Analitycy przyznają, że umieszczanie takich miękkich czynników w ich raportach jest raczej niewykonalnym zadaniem. Swoje opinie bowiem muszą uzasadnić, a o to znacznie łatwiej w świecie liczb, wskaźników, fuzji i kontraktów. Tam, gdzie trzeba uwzględniać osobiste sympatie i antypatie prezesów, ich cechy charakteru, czasem nadające wyraźny rys zarządzanych przez nich przedsiębiorstwom, wkrada się niestety nieunikniony subiektywizm, bardziej odpowiedni być może w artykułach prasowych niż w rekomendacjach banku inwestycyjnego czy biura maklerskiego.

Analitycy muszą jednak patrzyć na ryzyko zagrażające ocenianym przez nich firmom.
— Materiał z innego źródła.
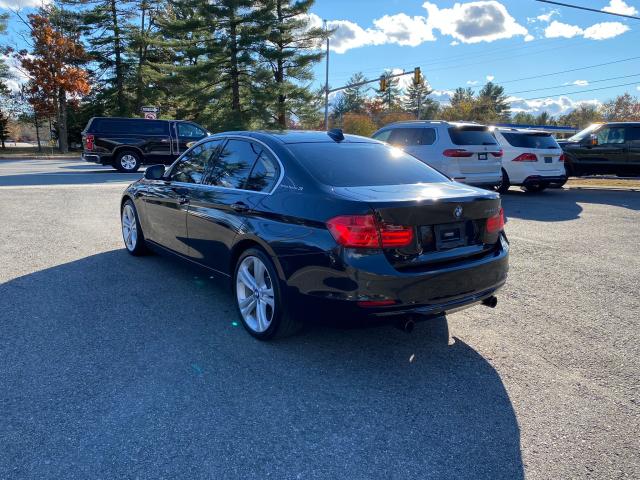 2013 BMW ACTIVEHYBR WBA3F9C58DF484118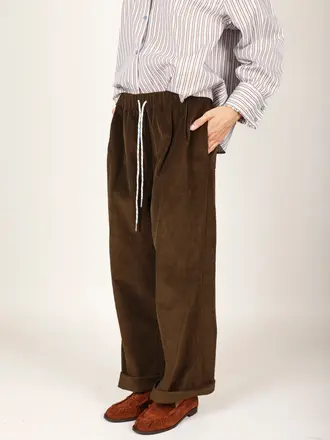 NOTED Cera Pants - Khaki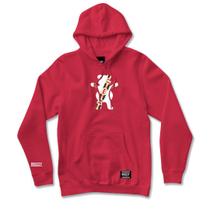 luxury moletom com capuz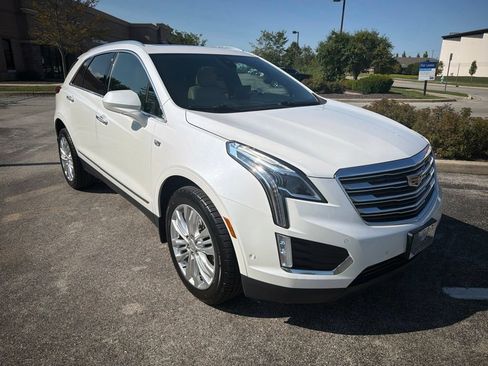 Used 2019 Cadillac XT5 Premium Luxury w/ Driver Assist Package AWD/4WD image 1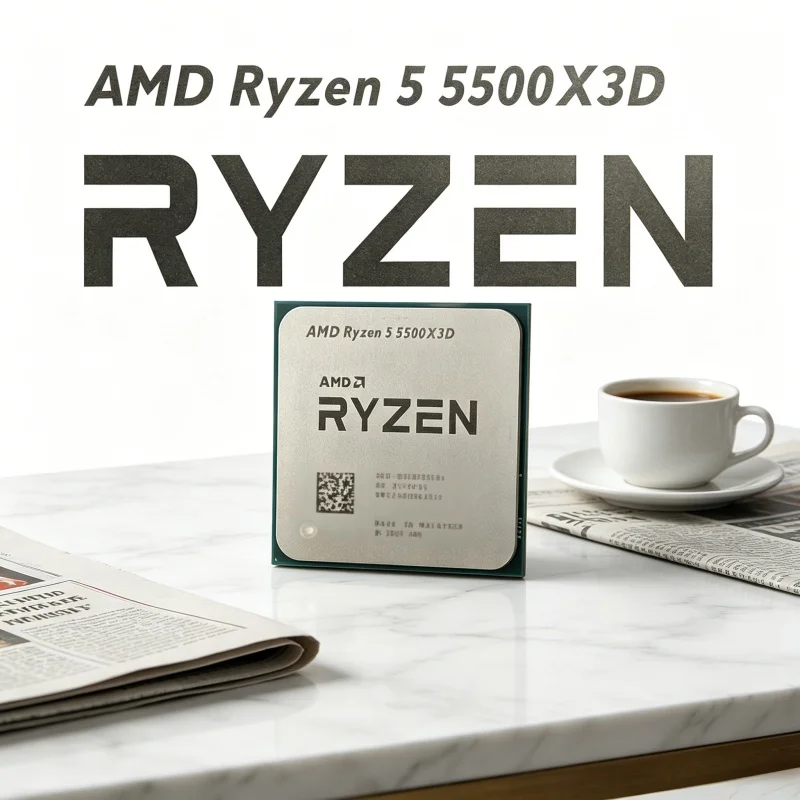 Pc Gaming Amd Ryzen 5 - AMD Ryzen 5 5500X3D Desktop Processor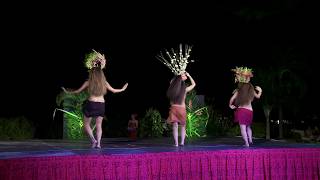 Ori Tahiti Nui Competitions 2018  Finale Arioi Vahine [upl. by Akired]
Jeśli dana firma w zbyt dużym stopniu polega na wiedzy, umiejętnościach, doświadczeniu czy kontaktach pojedynczego człowieka, to taka informacja - jako ostrzeżenie przed potencjalnym ryzykiem - powinna się znaleźć w raporcie audytorskim. Analitycy przyznają jednak, że tego rodzaju "miękkie informacje" prędzej znajdą miejsce w publikowanych materiałach w przypadku zagrożeń niż nowych szans czy możliwościach działania dla firm. Wiadomo skądinąd, że zjawisko budowania relacji z innymi uczestnikami rynku nie jest specyficzne ani dla Polski, ani dla samego rynku teleinformatycznego, bo jest zjawiskiem powszechnym - służy bowiem budowaniu przewagi konkurencyjnej firm.

Naszą lokalną specyfiką jest natomiast karuzela personalna prezesów i członków zarządów firm IT (także polskich oddziałów międzynarodowych koncernów), o czym mówił głośny artykuł Obieg zamknięty Antoniego Bielewicza i Krzysztofa Frydrychowicza opublikowany w Computerworld z 29 września 2003 r.

Analityk zachodniego banku inwestycyjnego, zajmujący się m.in. polskim rynkiem teleinformatycznym, proszący o zachowanie anonimowości, przyznaje, że top management polskich firm informatycznych rzeczywiście tworzą od lat ci sami ludzie. "Teleinformatyka jest jednak trudną dziedziną i wszędzie na świecie migracja menedżerów pomiędzy IT a innymi dziedzinami jest ograniczona. W Polsce jednak to zjawisko jest zapewne bardziej wyraźne niż gdzie indziej" - twierdzi wspomniany analityk. Dlaczego tak się dzieje? Czy wynika to z tego, że w ogóle w naszej gospodarce mamy bardziej sieciowy model władzy? "Polski rynek IT z zachodniej perspektywy jest postrzegany jako trudny. Dlatego ograniczało to napływ nowych firm i ludzi. Zapewne jednak w efekcie wstąpienia do Unii Europejskiej Polska za jakiś czas odczuje napływ «świeżej krwi» w branży IT" - dodaje analityk.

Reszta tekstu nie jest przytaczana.